* Dataset entries:
******

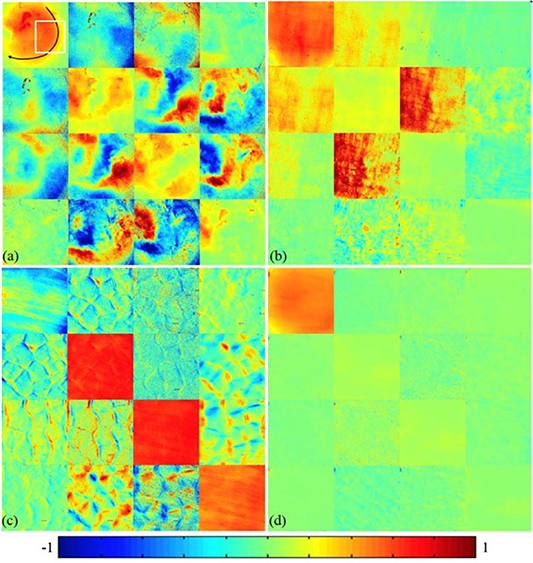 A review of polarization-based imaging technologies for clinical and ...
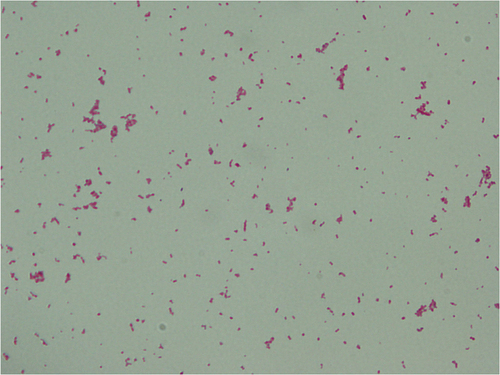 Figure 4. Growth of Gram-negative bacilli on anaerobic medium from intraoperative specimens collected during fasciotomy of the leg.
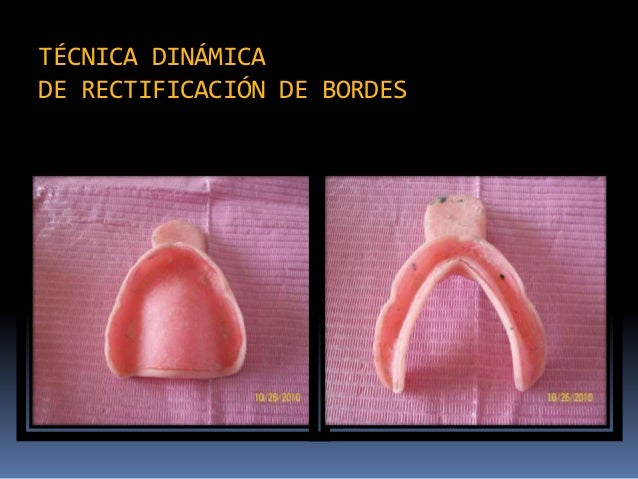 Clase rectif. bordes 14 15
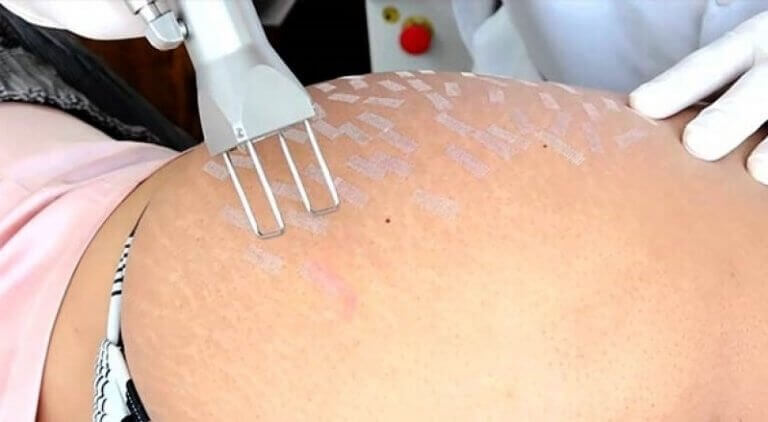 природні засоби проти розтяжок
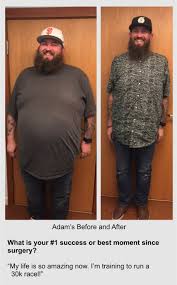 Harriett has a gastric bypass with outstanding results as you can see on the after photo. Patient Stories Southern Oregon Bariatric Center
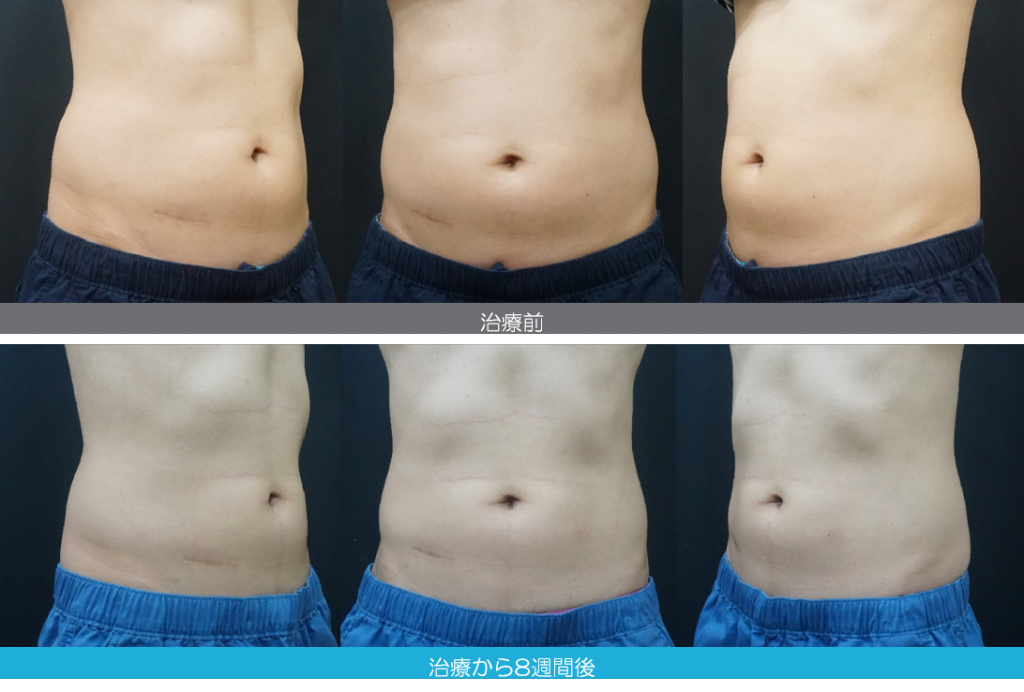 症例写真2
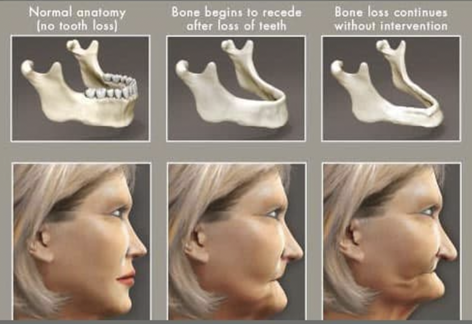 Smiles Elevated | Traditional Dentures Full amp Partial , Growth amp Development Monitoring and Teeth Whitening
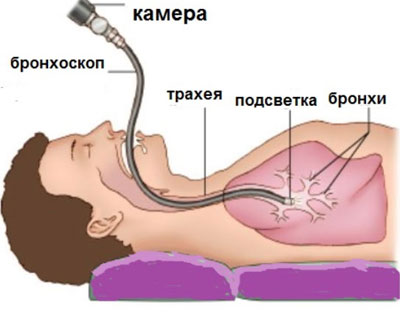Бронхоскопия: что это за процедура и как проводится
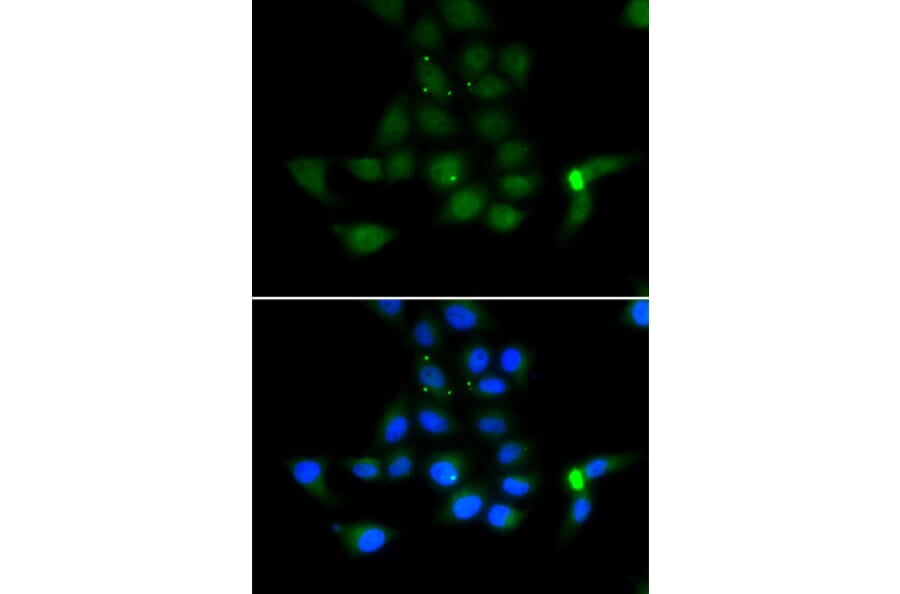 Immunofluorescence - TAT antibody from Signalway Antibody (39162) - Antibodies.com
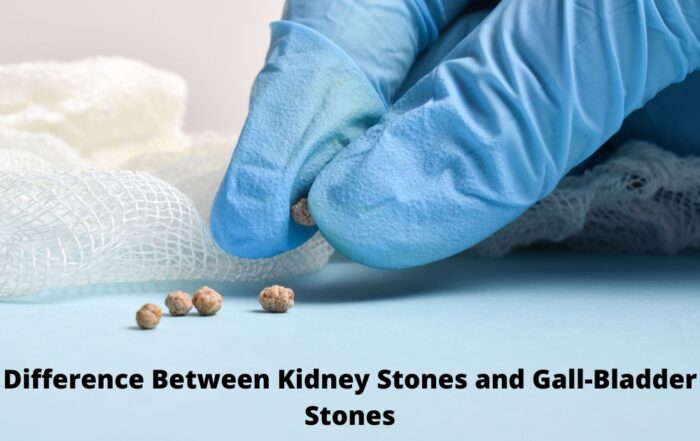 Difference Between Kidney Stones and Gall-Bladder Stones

******

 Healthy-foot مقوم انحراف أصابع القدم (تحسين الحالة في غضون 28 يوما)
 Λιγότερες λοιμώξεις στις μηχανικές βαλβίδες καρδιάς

******

* What the exercise asks: Precisely those lines above that run from the line with "Harriett has a" up to and including the line with "Difference Between Kidney" are to be set down, with the pictures omitted.

* Answer to the exercise:
 Harriett has a gastric bypass with outstanding results as you can see on the after photo. Patient Stories Southern Oregon Bariatric Center
 症例写真2
 Smiles Elevated | Traditional Dentures Full amp Partial , Growth amp Development Monitoring and Teeth Whitening
Бронхоскопия: что это за процедура и как проводится
 Immunofluorescence - TAT antibody from Signalway Antibody (39162) - Antibodies.com
 Difference Between Kidney Stones and Gall-Bladder Stones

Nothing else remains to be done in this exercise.